Artist Nils Norman has done work on that, archiving the traces of what amounted to a philosophy of childhood radically different from that of today. Palle Nielsen's "The Model for a Qualitative Society," produced indoors in Sweden in 1968 is the most well-known (though little-known as well) example of this. Ah '68! Those visions of liberty never die.

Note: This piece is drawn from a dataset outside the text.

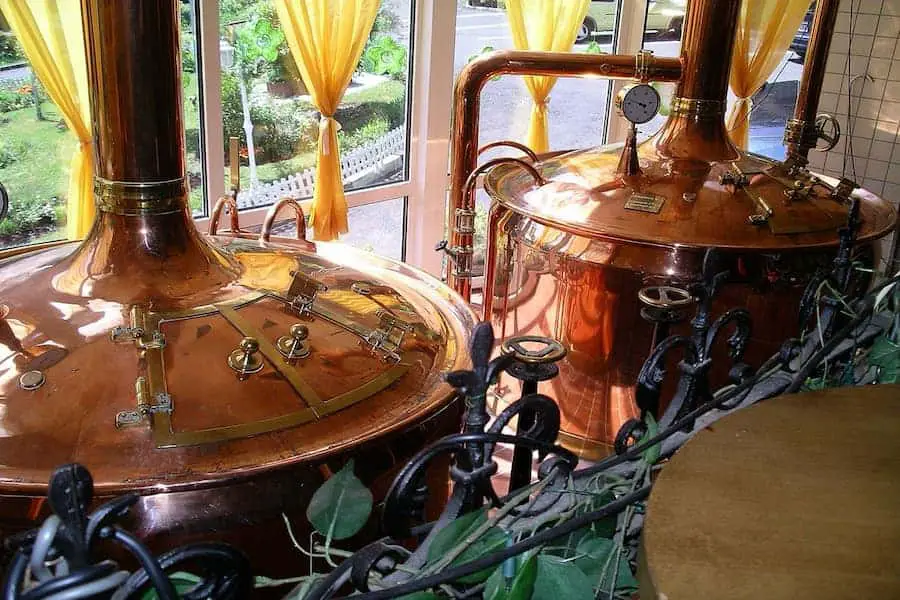A rose gold colored conical fermenter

I contacted Madrid La Feria de la economía solidaria, which produces the annual event at Matadero, and also a website called Pop Up Adventure Play in UK to suggest they make proposals. It would be good to circulate the proposals as well to social centers if there are some in the areas of the sites. They could begin their own process of imagining, or 'collective production of desires' as did the developers of Hamburg's Park Fiction called it in the mid-1990s.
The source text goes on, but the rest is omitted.